Closed igorburago closed 1 year ago

igorburago commented 2 years ago

When processing a matches directive of a plumbing rule, plumber incorrectly assumes that if, after matching the given pattern, a parenthesized subexpression had not matched, all the subsequent ones had not matched either, and leaves their corresponding variables unset.

This erroneous assumption does not hold for any patterns with captured alternations, such as ((A)|"(B)")(C), for instance. If the expression matches at all—regardless of whether the A or B branch of the leading alternation matched—C (and all subsequent parenthesized subexpressions, if present) will not be captured by plumber.

The same applies to expressions with the * and ? repetition operators. For example, matching the pattern (X)?(Y) against the string Y will not set any subexpression variables aside from $0, erroneously leaving both $1 and $2 empty.

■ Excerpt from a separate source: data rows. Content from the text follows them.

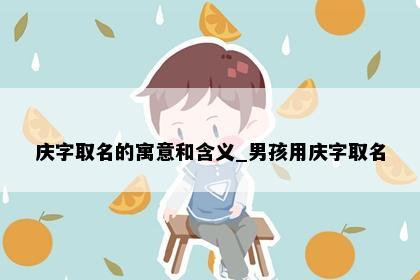 庆字取名的寓意和含义_男孩用庆字取名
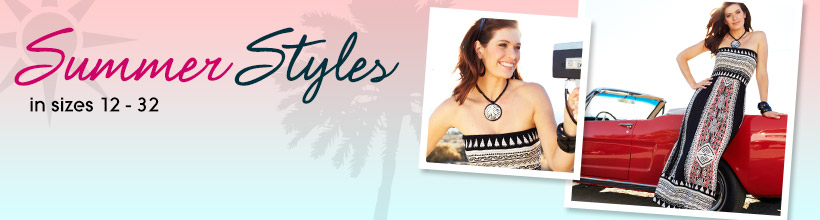 Summer Styles in sizes 12-32
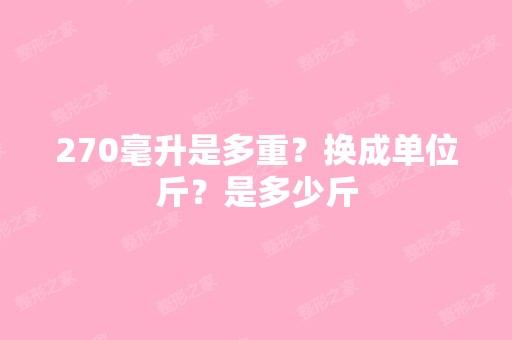 270毫升是多重？换成单位斤？是多少斤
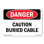 Caution Buried Cable Plastic Sign 10" X 7"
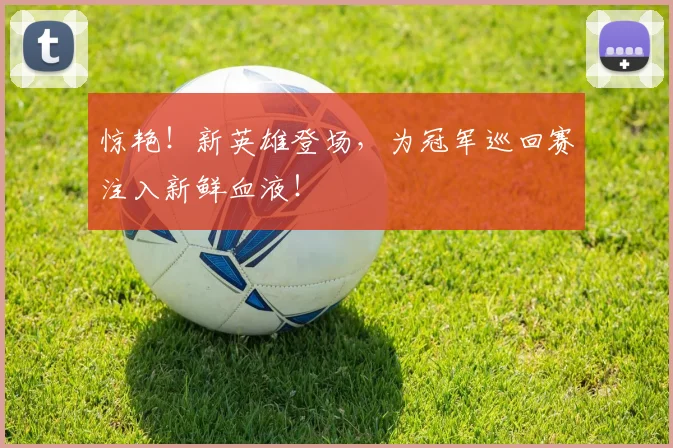 惊艳!新英雄登场,为冠军巡回赛注入新鲜血液!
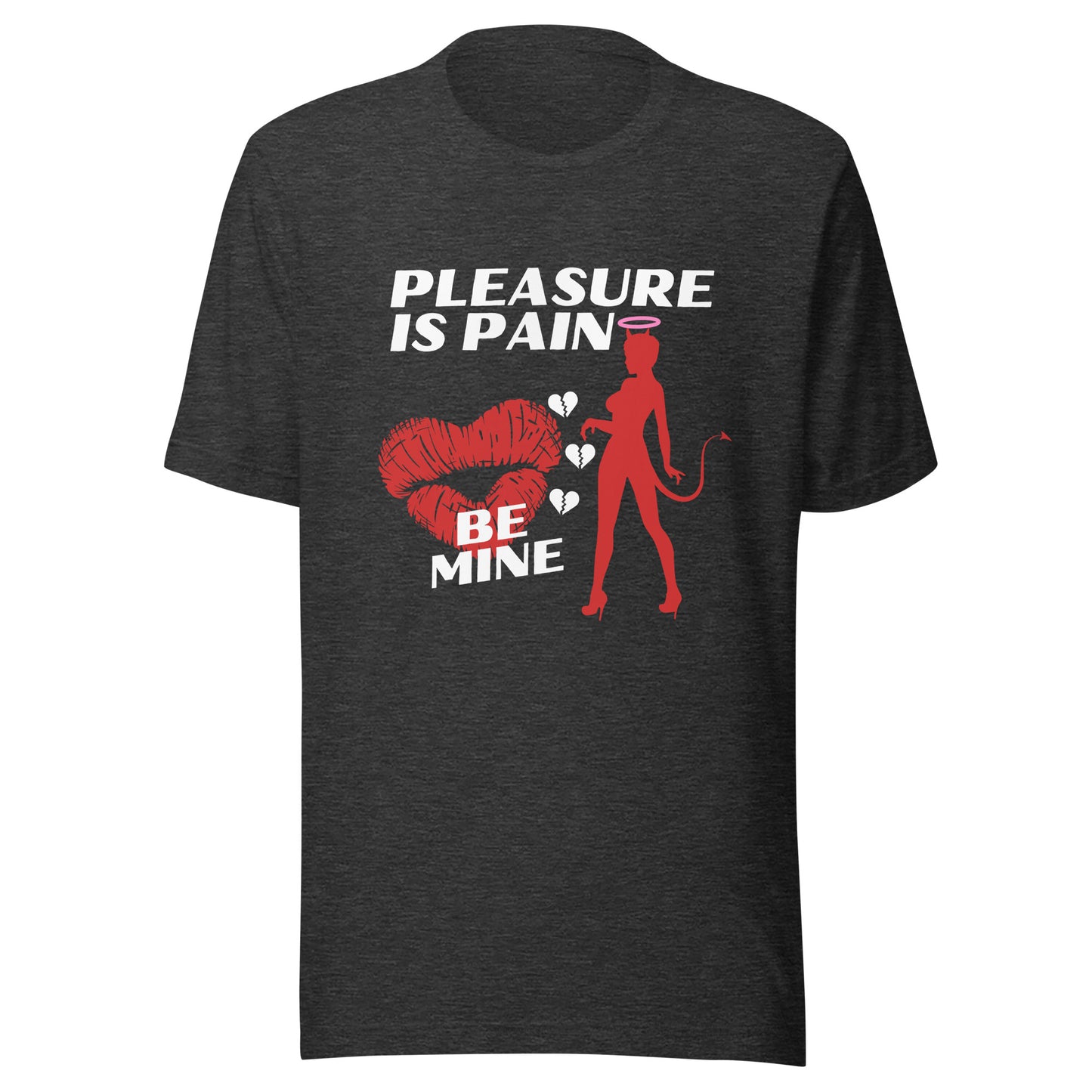 Pleasure Is Pain - BE MINE Unisex t-shirt
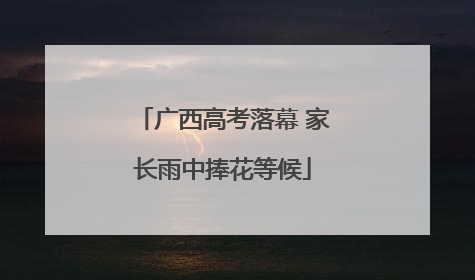 广西高考落幕 家长雨中捧花等候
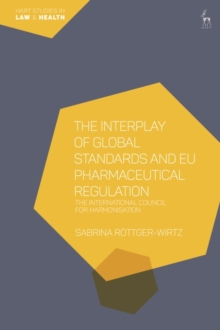 The Interplay of Global Standards and EU Pharmaceutical Regulation : The International Council for Harmonisation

To reproduce, add the following rule (as the very first one):

kind is text
data matches '<((A)|"(B)")(C)>'
plumb start rc -c 'printf ''«%s»'' $* >/tmp/x' $0 $1 $2 $3 $4

When plumb '<AC>' or plumb '<"B"C>' is run, the output in /tmp/x will be «<AC>»«A»«A»«»«» and «<"B"C>»«"B"»«»«»«», respectively, whereas the correct output would be «<AC>»«A»«A»«»«C» and «<"B"C>»«"B"»«»«B»«C».

(Other users of the libregexp library in the tree seem to handle subexpression match capturing in patterns like these correctly.)